PROBLEM DESCRIPTION:
Omitting all pictures, retype the entries below exactly as given.

Recorded data
__________

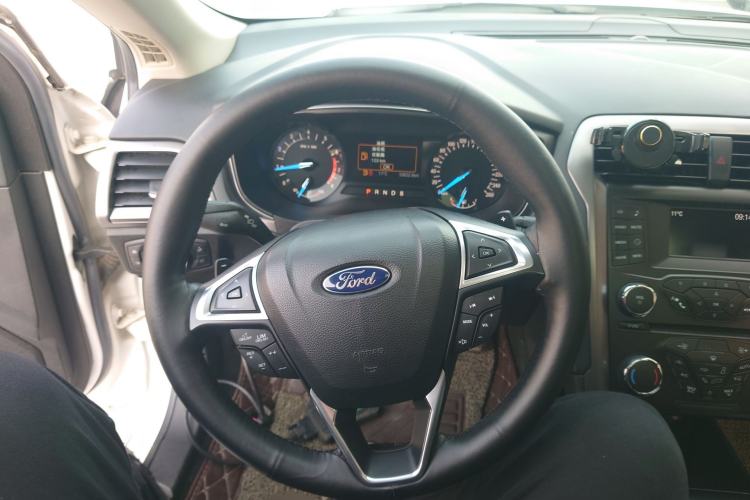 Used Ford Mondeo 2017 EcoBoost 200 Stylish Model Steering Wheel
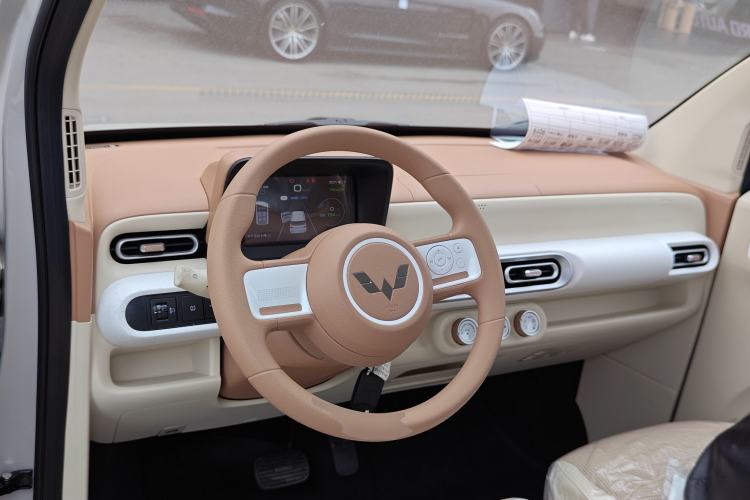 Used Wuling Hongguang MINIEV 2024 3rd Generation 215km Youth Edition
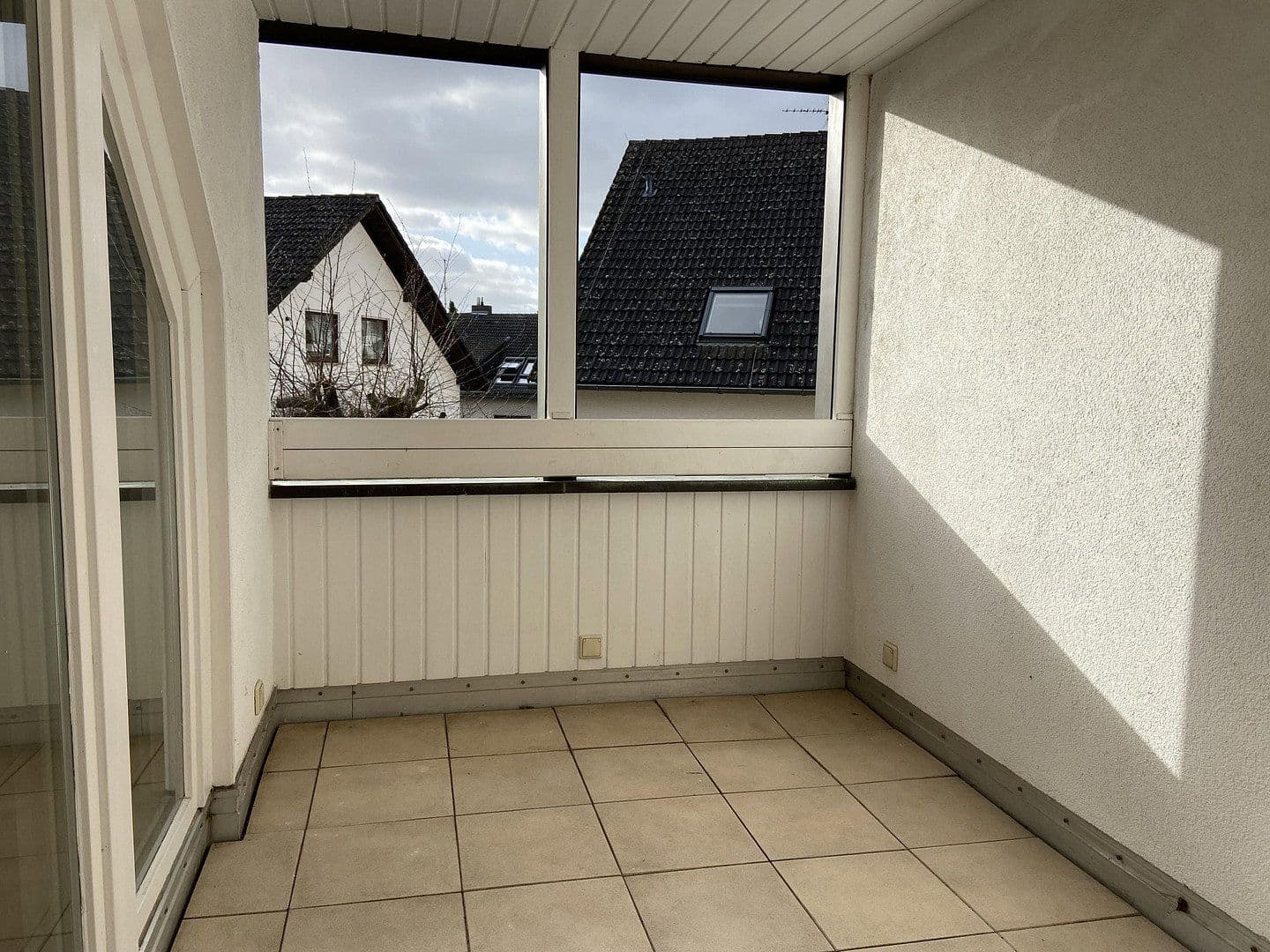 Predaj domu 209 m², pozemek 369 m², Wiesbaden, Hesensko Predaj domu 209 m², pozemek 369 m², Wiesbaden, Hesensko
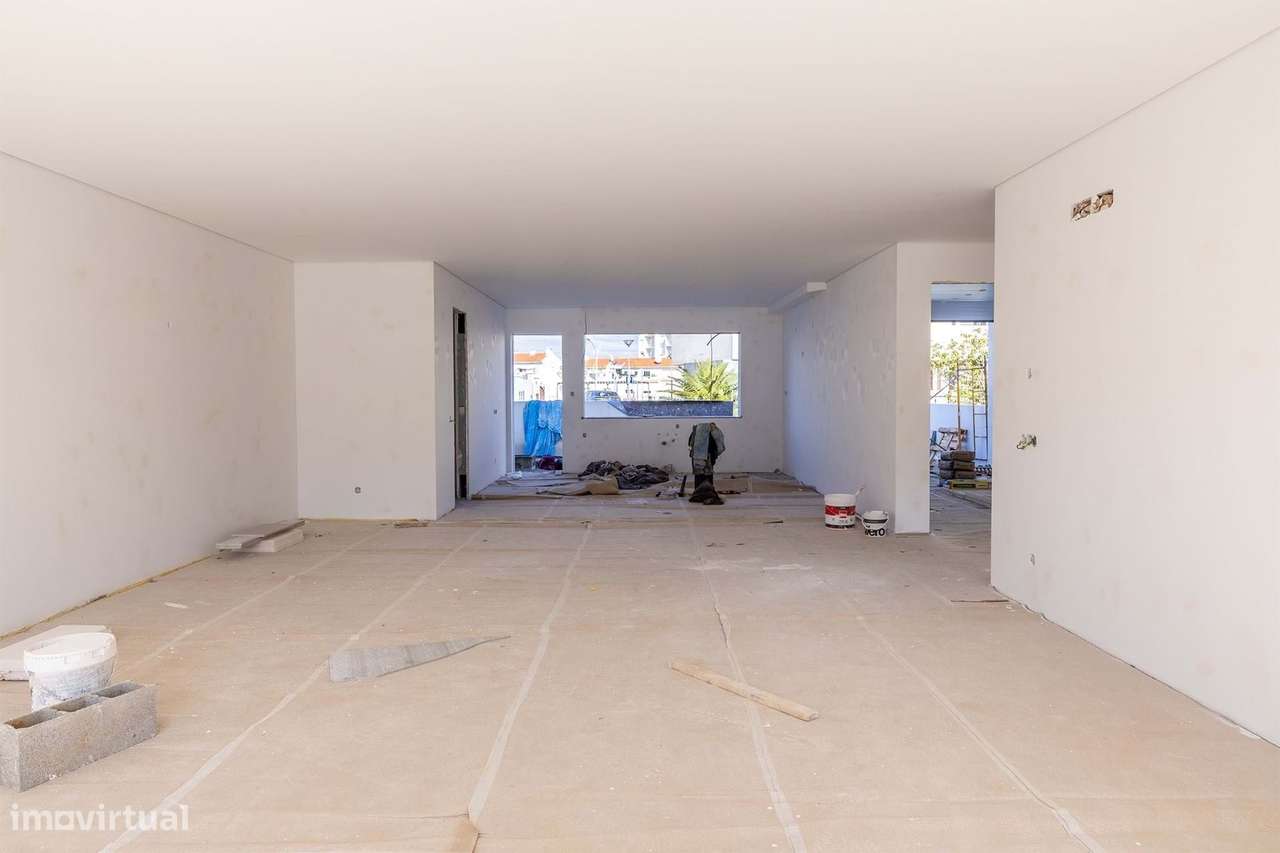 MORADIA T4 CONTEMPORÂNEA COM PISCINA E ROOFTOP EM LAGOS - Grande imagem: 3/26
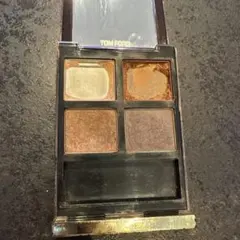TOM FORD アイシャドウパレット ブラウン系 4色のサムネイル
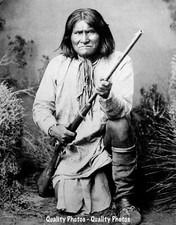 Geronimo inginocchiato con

__________

RESULT OF THE TASK:
 Used Ford Mondeo 2017 EcoBoost 200 Stylish Model Steering Wheel
 Used Wuling Hongguang MINIEV 2024 3rd Generation 215km Youth Edition
 Predaj domu 209 m², pozemek 369 m², Wiesbaden, Hesensko Predaj domu 209 m², pozemek 369 m², Wiesbaden, Hesensko
 MORADIA T4 CONTEMPORÂNEA COM PISCINA E ROOFTOP EM LAGOS - Grande imagem: 3/26
TOM FORD アイシャドウパレット ブラウン系 4色のサムネイル
 Geronimo inginocchiato con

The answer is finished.